- Location: Crow Wing County, Minnesota
- Coordinates: 46°31′49″N 93°55′27″W﻿ / ﻿46.53028°N 93.92417°W
- Type: Lake
- Basin countries: United States
- Surface elevation: 1,191 ft (363 m)

= Rabbit Lake (Minnesota) =

Lake in the state of Minnesota, United States

Rabbit Lake is a lake in eastern Crow Wing County, in the U.S. state of Minnesota. The community of Cuyuna borders the southern edge of the lake. Crow Wing County Road 31 crosses at a narrow point in the middle of the lake. The Mississippi River flows past just to the north of the lake.

Rabbit Lake is an English translation of the Ojibwe language name.

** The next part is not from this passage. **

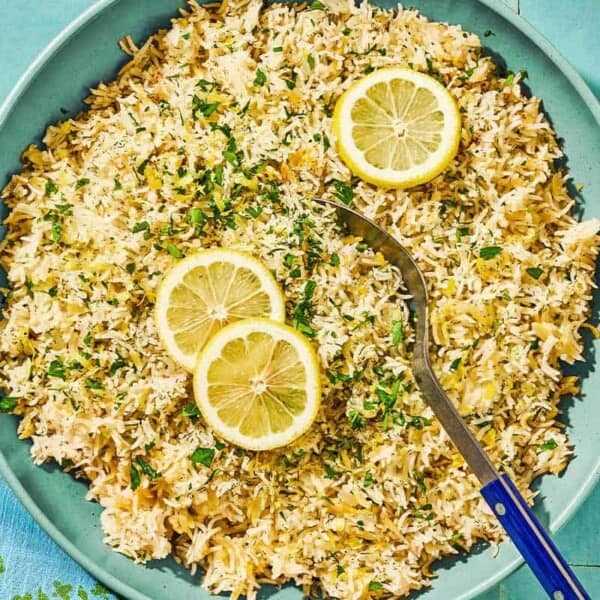 Greek lemon rice topped with lemon wheels in a bowl with a serving spoon.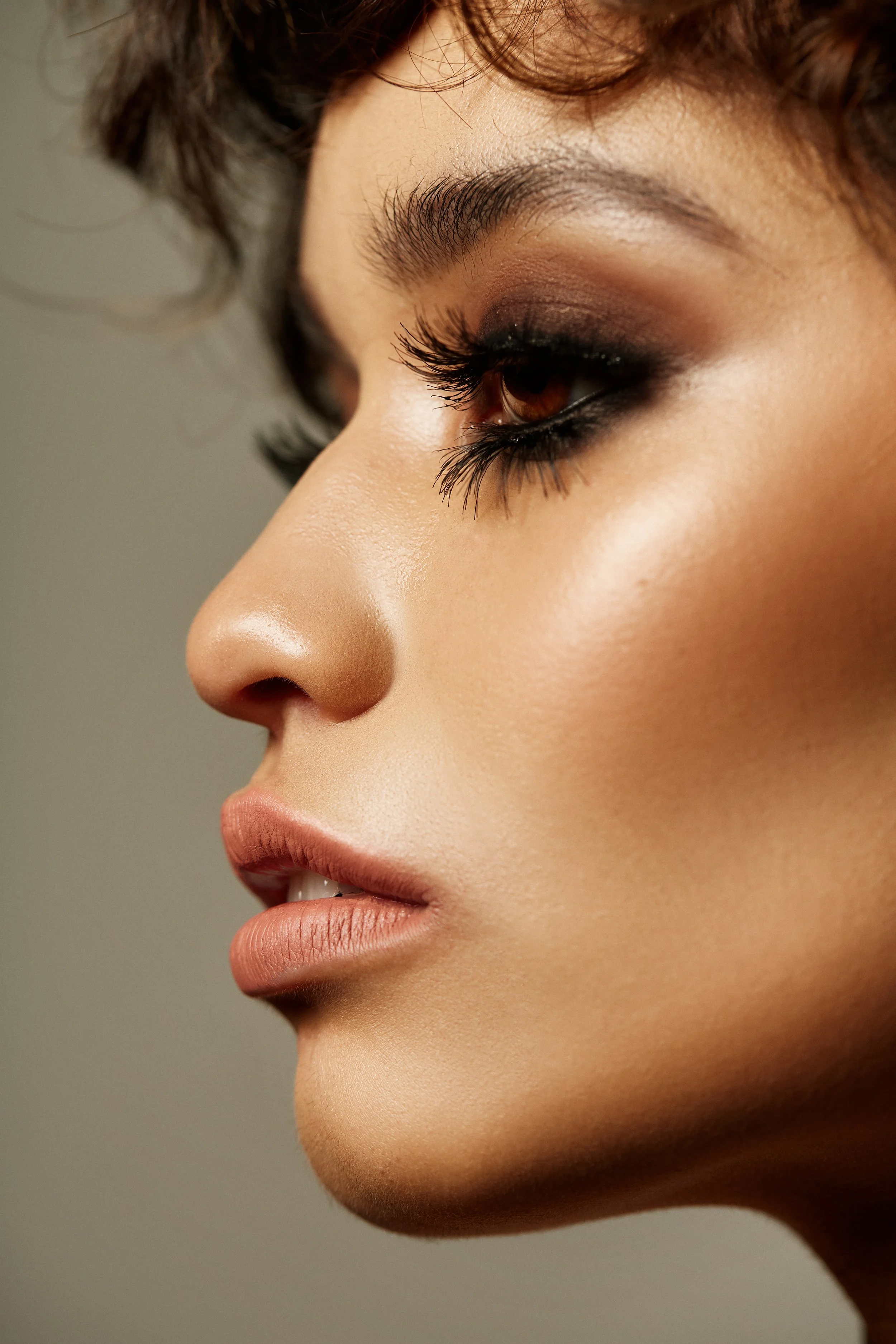 Close-up side view of a woman's face showcasing makeup with smoky eye shadow, long eyelashes, smooth skin, and natural lip color.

In the 1930s-1960s, efforts to mine iron from underneath Rabbit Lake led to landmark legal cases to define whether land under lakes is owned by the state or can be owned by private parties who have Riparian water rights along the lakeshore. Rabbit Lake is an eyeglass-shaped lake with an isthmus in the middle called the Narrows, dividing the lake approximately in half. According to state law at the time, because the lake connected downstream to the Mississippi River, the lake was considered navigable. Therefore, the state controlled the rights to the lake and the land underneath.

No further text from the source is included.